Con la misma facilidad con que se las puso y las usó sin que apenas las necesitara, se desembaraza el cubano de sus ropas de invierno y desde que se anuncia la inminencia de la Semana Santa está ansioso por irse a la playa. Poco importa que falte aún  para el inicio de la temporada. Las noches siguen siendo frescas, pero el calor asoma su oreja peluda y él se siente de repente en el verano. No en balde es este un país que cuenta con unos  330 días de sol al año.

            Para el cubano promedio, la playa es la diversión máxima, la mayor distracción, el mejor de los estímulos, el sitio ideal para ganar o perder el tiempo. El paraíso y la aventura. Un domingo en la playa, gratifica,  compensa del esfuerzo de los días precedentes, aunque a la postre se  termine más cansado que la víspera. Si la estancia es de una semana o más, la alegría desborda los límites e invade a toda la familia. Unas vacaciones en la playa confirman como pocas cosas el carácter gregario del cubano. Parientes cercanos y lejanos, amigos, amigos de amigos, vecinos y conocidos… a todos invita para que también disfruten. Luego habrá que hacer malabares porque la reservación incluía hospedaje y comida para cuatro personas y no para las 16 que aceptaron el convite y terminaron haciendo fila delante del urinario.

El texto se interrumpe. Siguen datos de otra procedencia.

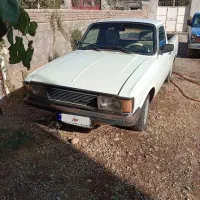 پیکان وانت|خودرو سواری و وانت|نورآباد, |دیوار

            Hay diversos tipos de playeros. El que creyéndose el mejor se traza metas imposibles, invita a competir a cuantos encuentra a su paso y despierta de su sueño olímpico con el  boca a boca que le da el salvavidas que lo rescató. Y el que se pierde en la contemplación de un paisaje que incluye a las muchachas que deambulan por la arena con sus tangas mínimas y adheridas a la generosa anatomía. El que, acorde con los tiempos, quiere cuidarse tanto del sol que más le hubiera valido quedarse en casa. Y el que se  lo coge para él solo y termina con quemaduras de segundo grado en la espalda que lo obligan a buscar asistencia médica y lo colman de preocupaciones y molestias en los días subsiguientes. Hay gente que se achicharra al sol cuando va a la playa. Es la forma que tiene de demostrarle  a los demás donde pasó su asueto.

            Pese a que las ofertas recreativas se multiplican aquí durante los meses de verano, ninguna supera a la de la playa. No siempre fue así. En el lejano ayer, las familias más opulentas lo  pasaban  fuera de La Habana, bien en el campo o en la periferia y  aprovechaban la cercanía de los ríos para procurarse ratos de solaz y esparcimiento, hasta que poco a poco surgieron en la costa  los llamados “baños”; playas artificiales que la construcción y las sucesivas ampliaciones del Malecón habanero terminarían tragándose en el siglo XX.  Todavía en 1930 Varadero era un paraje desierto y casi desconocido, las playas de Marianao comenzaron a explotarse en la década del 20  y no fue hasta después de 1944 cuando  las Playas del Este de La Habana contaron con  un acceso fácil y rápido. Entre esos años el cubano se quitó la chaqueta,  desanudó la corbata y soltó el sombrero  para portar la cubanísima guayabera y quedar, a la larga, en mangas de camisa a secas.

Hoy los más jóvenes vuelven a privilegiar los baños en la costa y, con el pretexto del calor, el vestuario y las costumbres siguen simplificándose con olvido de que el clima siempre ha sido en Cuba más o menos el mismo. A partir de 1771 los habaneros dispusieron del hielo, traído  desde Veracruz y Boston,  para mitigarlo, si bien comenzó a importarse con fines medicinales. Los arquitectos coloniales aprendieron a sacarle el mayor partido posible a las brisas. Se vivía de cara a la calle,  con las ventanas abiertas y las familias se reunían y recibían en el lugar más fresco de la casa. Quedaba aún el recurso del abanico que, con sus revoloteos y cierres, trasmitía un lenguaje de coquetería en que fueron expertas las cubanas.

 Las aguas del mar regalan en Cuba una temperatura promedio anual de 25ºC. Por eso se dice y se repite que es posible disfrutar de sus playas durante todo el año. No es un mero slogan publicitario. Es la verdad monda y lironda.